With the peer-SGSN address configured using this sgsn-address command, the peer-SGSN-RAI’s MCC/MNC is used as a 5 or 6-digit IMSI and the operator policy and call control profile selection are completed.
note_smallImportant: Typically, use of this command is optional. However, it must be included in the configuration when Flex (SGSN-Pooling) is implemented if (1) the SGSN functions as a default SGSN, then configure the local-NRI of other SGSN with this command; or if (2) another SGSN is offloading, then configure the NB-RAI/null-NRI of the peer-SGSN with this command.
Example
Create a local peer-SGSN address mapping of an RAI with RAC of 123 and LAC of 4444 and an IPv4 address of 123.11.313.11 for the peer-SGSN:
sgsn-address rac 123 lac 4444 local address ipv4 123.11.313.11
sgsn-core-nw-interface
This command is under development and not yet supported for configuration.
Product
SGSN
Privilege
Security Administrator, Administrator
sgsn-number
Defines the SGSN’s E.164 number to be used for interactions via the Mobile Application Part (MAP) protocol. E.164 is an ITU-T recommendation that defines the international public telecommunication numbering plan used in public switched telephone networks (PSTN) and some other data networks.
Product
SGSN
Privilege
Security Administrator, Administrator
Syntax
sgsn-number E164_number
no sgsn-number
no
Disables the use of this configuration definition.
E164_number
Specifies a string of 1 to 16 digits that serve as the SGSN’s E.164 identification.
Usage
This command configures the current SGSN E164 contact number.
The SGSN number configured for a call control profile is related to the SGSN number configured in the SGSN service configuration and/or in the GPRS service configuration. If the SGSN number is not configured as part of the call control profile configuration, then the SGSN number defined as part of the SGSN service or GPRS service configuration is used.
When the 3G SGSN supports multiple PLMNs configured through different IuPS services or when network sharing is implemented, then it may be required to use different SGSN numbers for each PLMN. In such cases, configure the per-PLMN SGSN number in a call control profile.
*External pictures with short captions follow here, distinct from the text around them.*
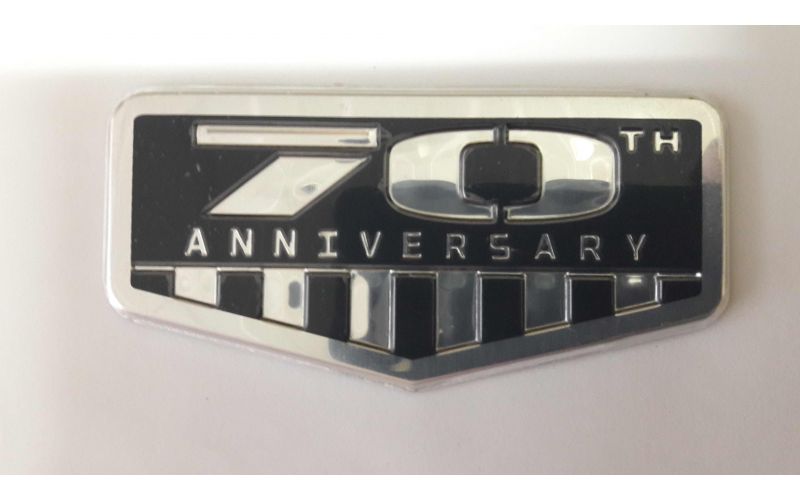 Шильдик 70 Anniversary 10см-5см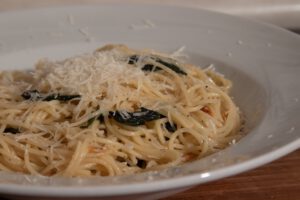 Spaghetti mit Knoblauch, Salbei und Olivenöl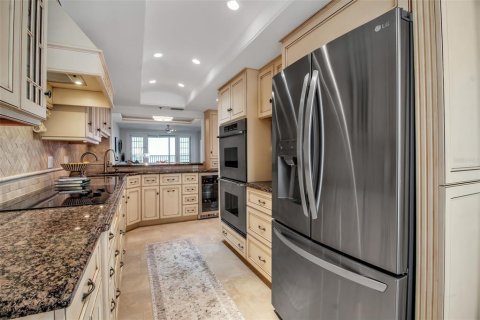 Condo in Sarasota, Florida, 2 bedrooms  № 1835372 - photo 29
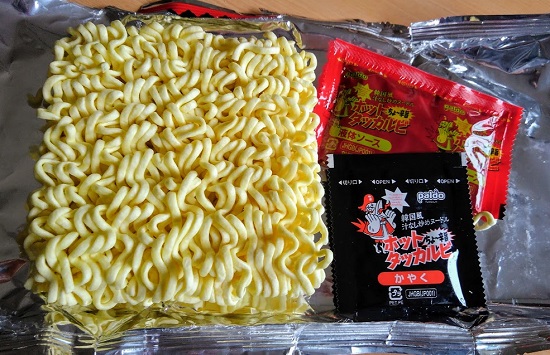 汁なしホットタッカルビ中身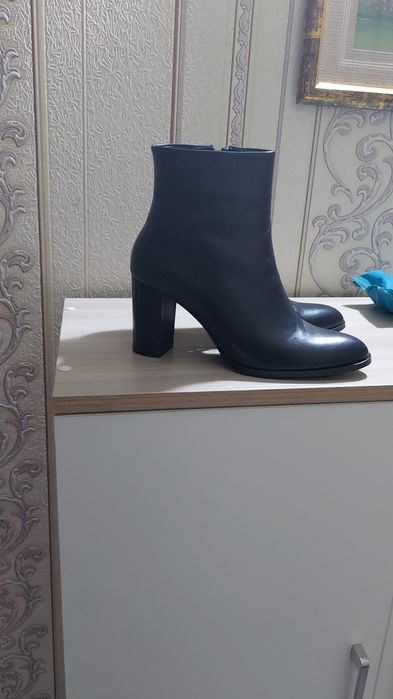 Продам кожаные ботильоны 37 размера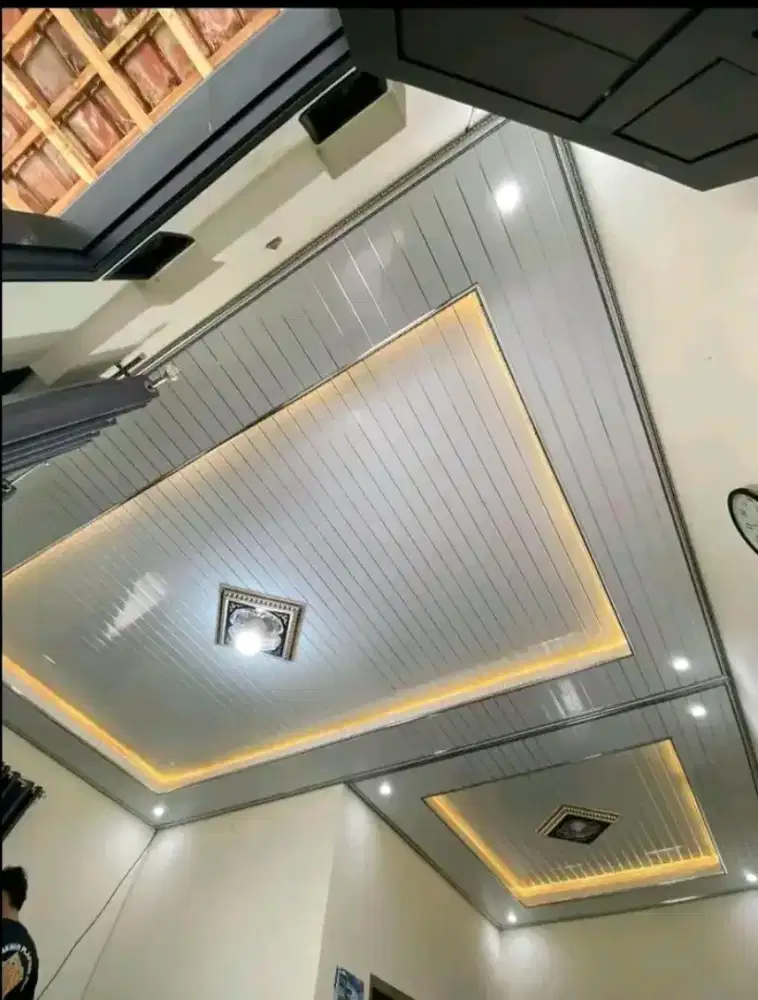 JUAL PLAFON PVC DAN WPC MENERIMA PEMASANGAN
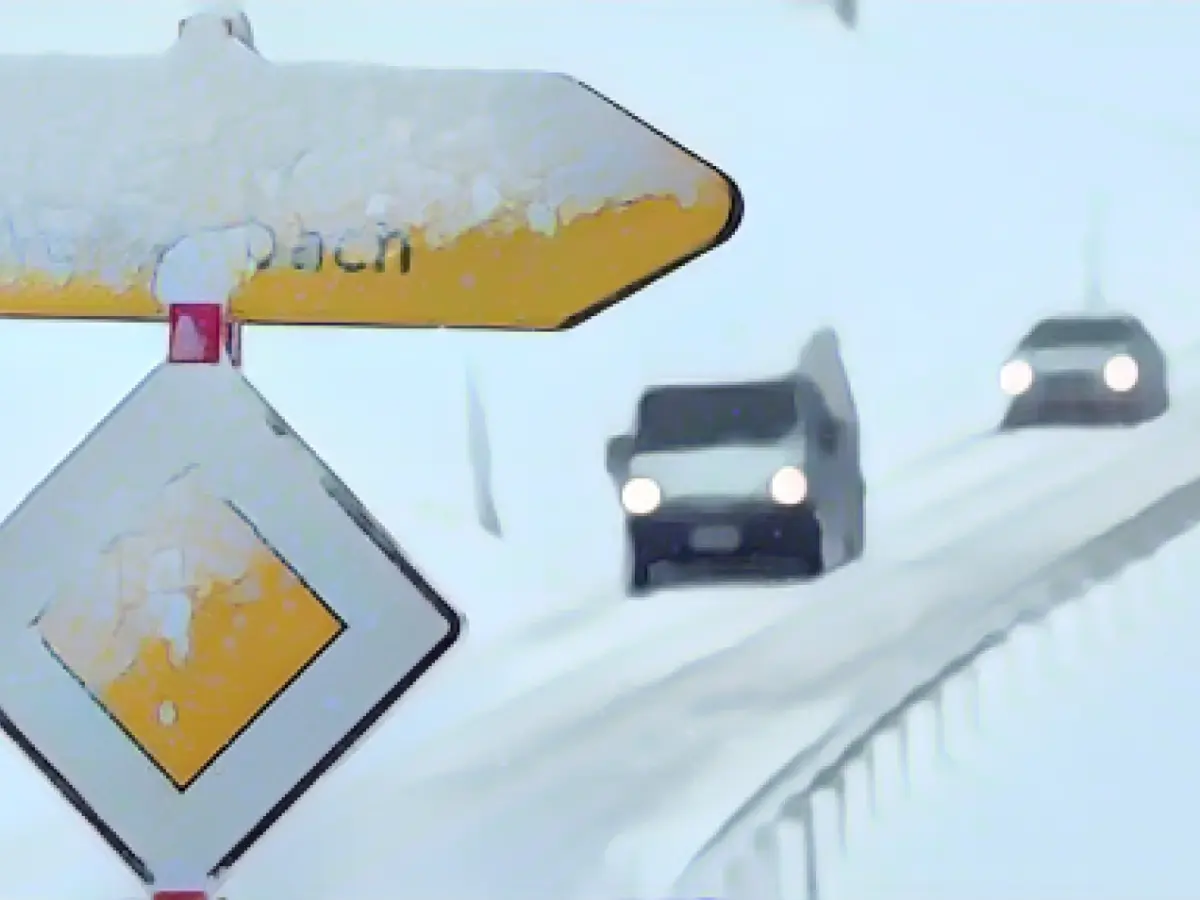 Snowfall and slippery roads in some areas at the start of the new week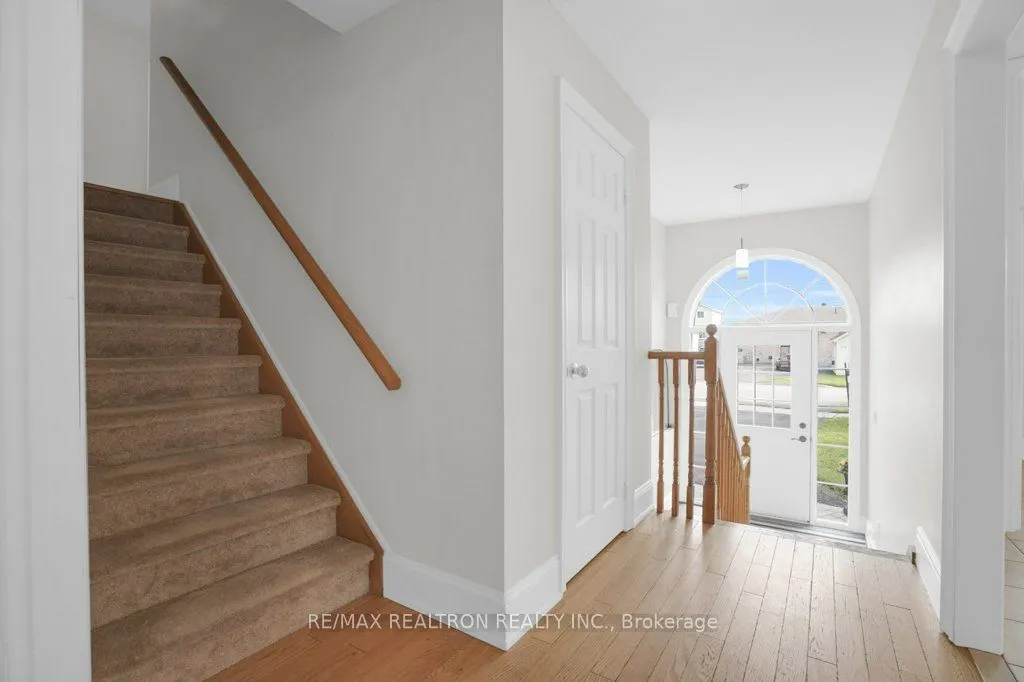 121 Riverglen Drive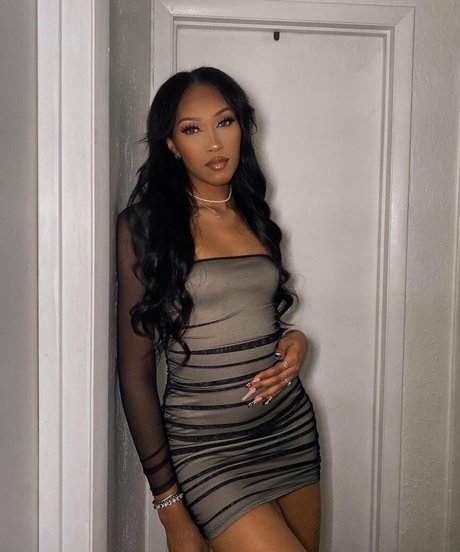Nacktes geleaktes OnlyFans-Foto von Jayde Macfarlane
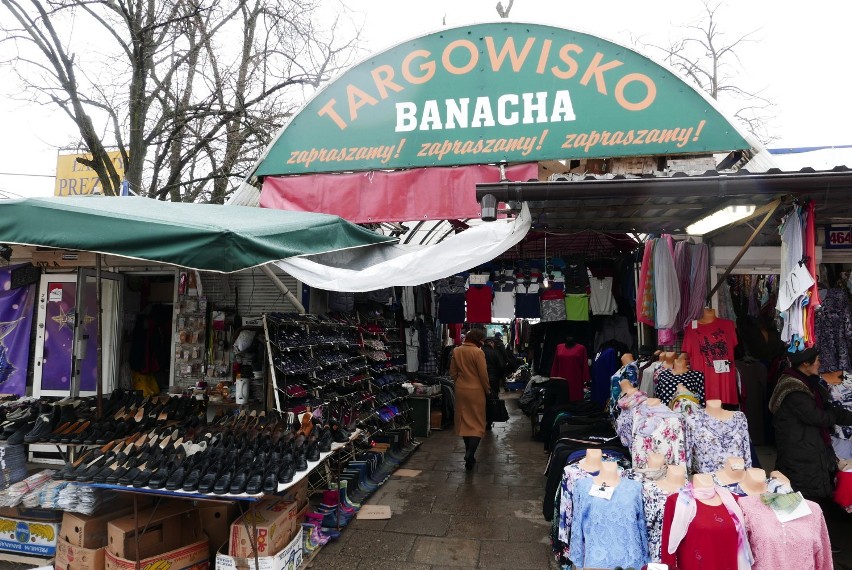 Koniec bazaru na Banacha. W miejscu, gdzie odbywa się handel...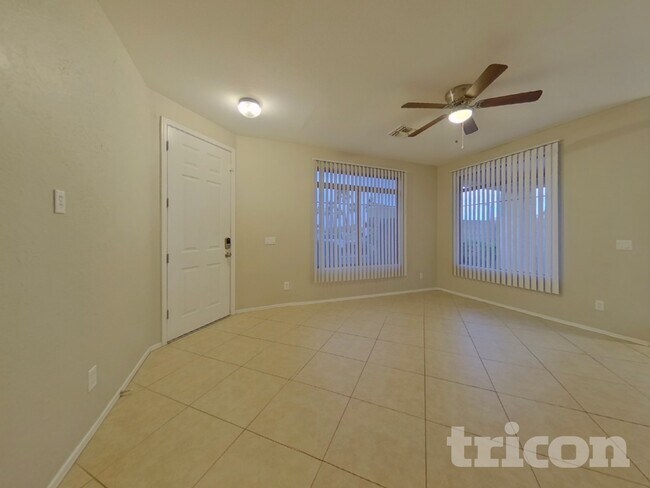 Building Photo - 735 S Bedford Dr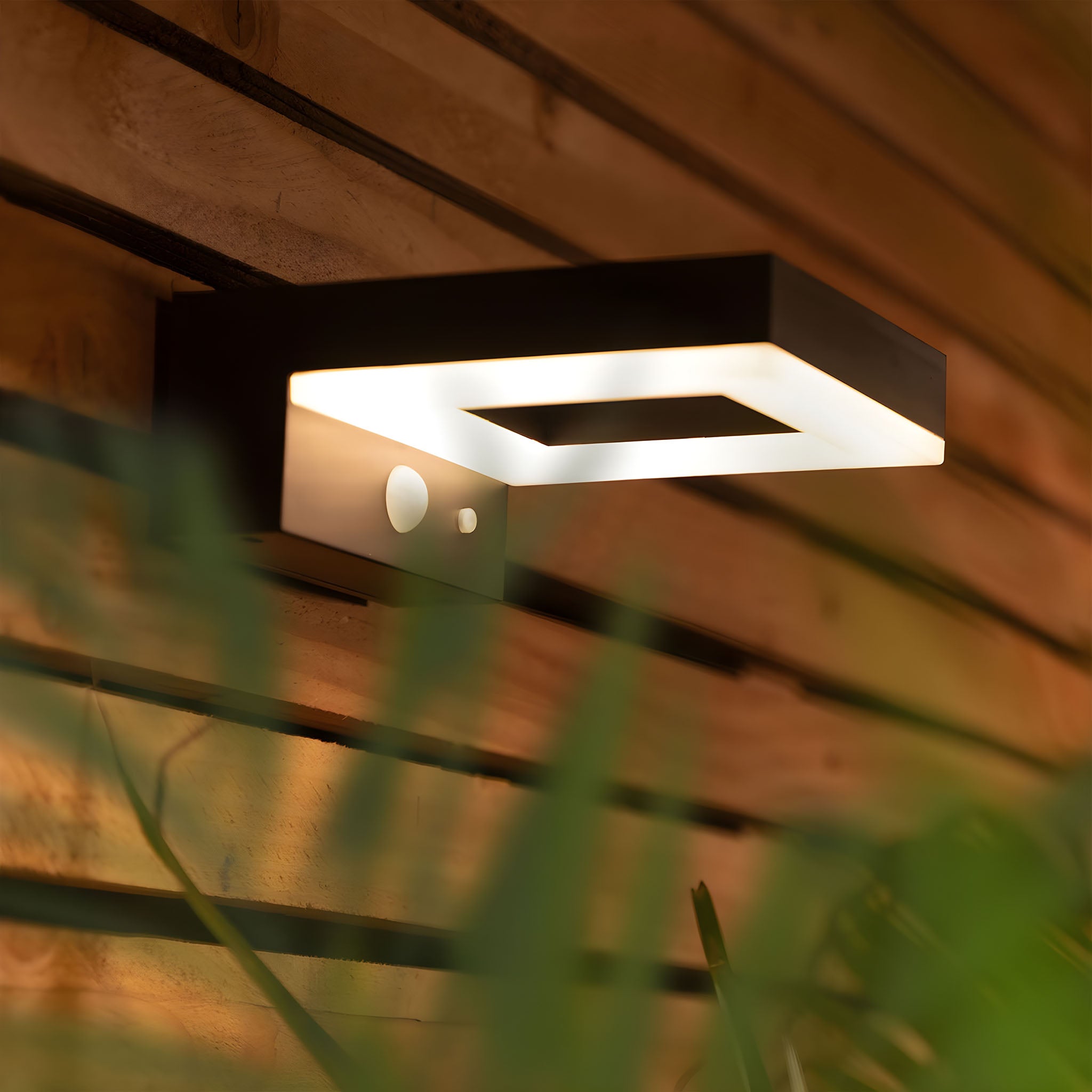 Eclipse solar lamp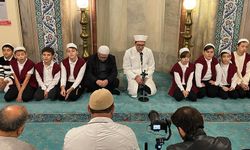 Muradiye Camii'nde çocuklar program icra etti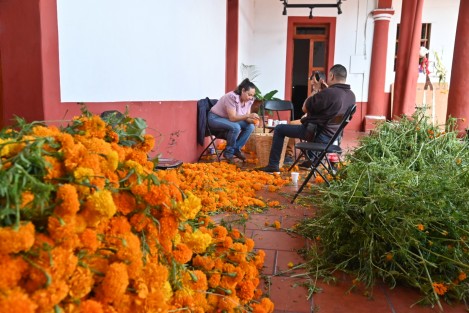 Trabajadores de la casa de Cultura en Naolinco elaboran os escenarios que adornarán este lugar durante la tradicional cantada en este municipio, la cual se realiza el primero de Noviembre de cada año.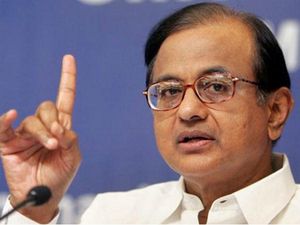 Chidambaram woos education loan borrowers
SGSN number definition for a call control profile allows emulation of a different SGSN to each HLR per PLMN. SGSN number definitions in the call control profile also enable the SGSN to use a different SGSN number per operator when network sharing is implemented.
Example
Map the E.164 number 198765432123456 for the SGSN to this call control profile configuration:
sgsn-number 198765432123456
sgtp-service
Identifies the SGTP service configuration to be used according to this call control profile.
Product
SGSN
Privilege
Security Administrator, Administrator
Syntax
sgtp-service context ctxt_name service sgtp_service_name
no sgtp-service context
context ctxt_name
Specifies the SGTP context as an alphanumeric string of 1 through 64 characters.
service sgtp_service_name
Specifies the SGTP service name as an alphanumeric string of 1 through 64 characters.
no
Disables use of SGTP service.
Usage
Use this command to configure enabling or disabling of SGTP service for this call control profile.
Example
sgtp-service context sgtp1 service sgtp-srvc1
sms-mo
Configures how mobile-originated (MO) short message service (SMS) messages are handled.
Product
SGSN
Privilege
Security Administrator, Administrator
Syntax
[ remove ] sms-mo { { access-type { gprs | umts } { all-location-areas | location-area-list } | allow access-type { gprs | umts } | restrict access-type { gprs | umts } }
remove
Deletes the specified configuration.
access-type type
Access by SMS will be limited to SMS coming from this network type:
gprs
umts
allow
Allow either GPRS or UMTS type access for SMS.
restrict
Restrict either GPRS or UMTS type access for SMS.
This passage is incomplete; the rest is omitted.